The problem
Can you transcribe the data exactly? Leave the pictures out.

Data section

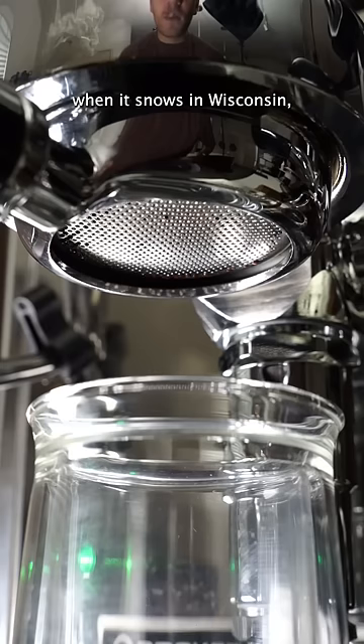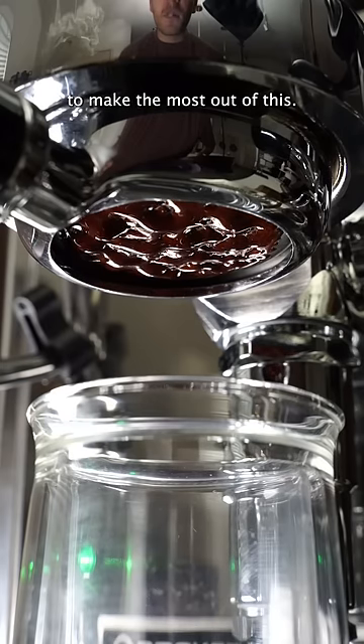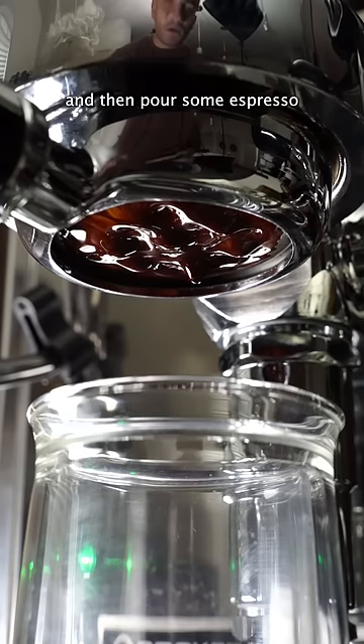When it snows in Wisconsin, there's really not a whole lot that you can do. So I figured I'm going to make the most out of this. I'm going to go grab some snow, put it in a cup, and then pour some espresso right over top.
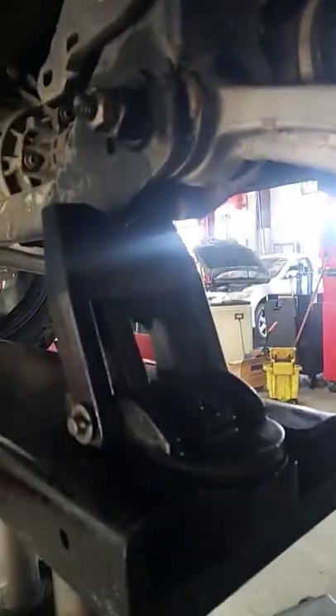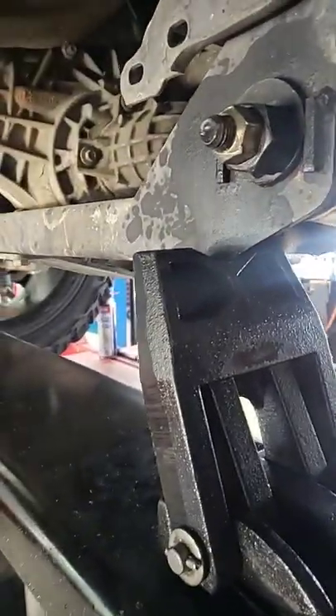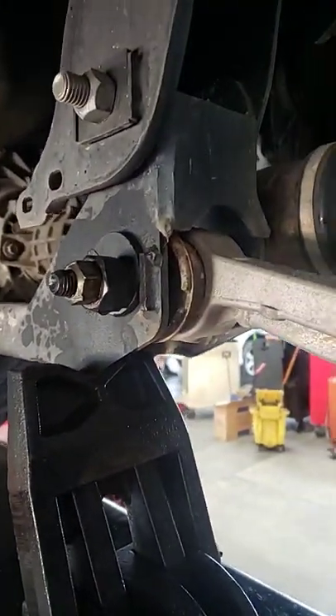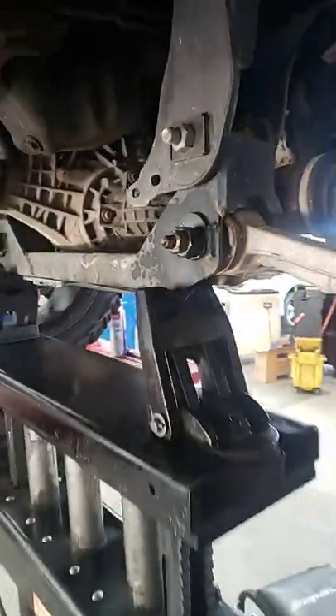What I found is easier: go ahead and jack the vehicle up. I'm going to use the lift point because this truck is very tall and the wheels will not come off anywhere else. Lift it up and then make your adjustments, because that way you're not fighting the actual weight of the vehicle while trying to make those adjustments — it will actually force the sensors back into their original place.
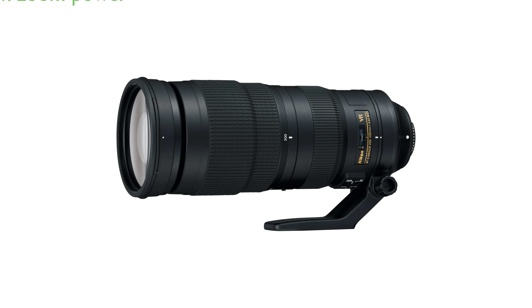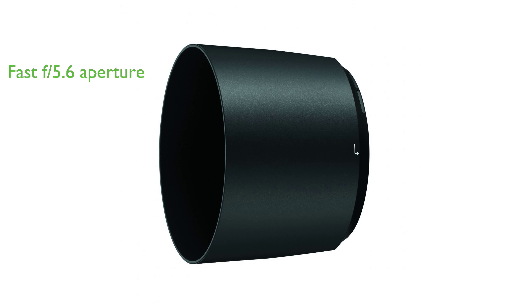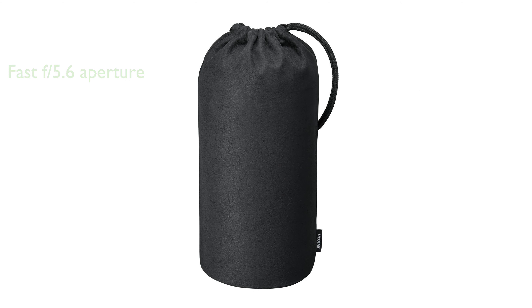It offers 500mm of zoom power on FX format DSLRs and a 750mm equivalent on DX format DSLRs, with a minimum focus distance of 7.2 feet. The lens has a fast f5.6 constant aperture which creates beautiful out-of-focus backgrounds and performs exceptionally in low-light conditions.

Your response
When it snows in Wisconsin, there's really not a whole lot that you can do. So I figured I'm going to make the most out of this. I'm going to go grab some snow, put it in a cup, and then pour some espresso right over top.
What I found is easier: go ahead and jack the vehicle up. I'm going to use the lift point because this truck is very tall and the wheels will not come off anywhere else. Lift it up and then make your adjustments, because that way you're not fighting the actual weight of the vehicle while trying to make those adjustments — it will actually force the sensors back into their original place.
It offers 500mm of zoom power on FX format DSLRs and a 750mm equivalent on DX format DSLRs, with a minimum focus distance of 7.2 feet. The lens has a fast f5.6 constant aperture which creates beautiful out-of-focus backgrounds and performs exceptionally in low-light conditions.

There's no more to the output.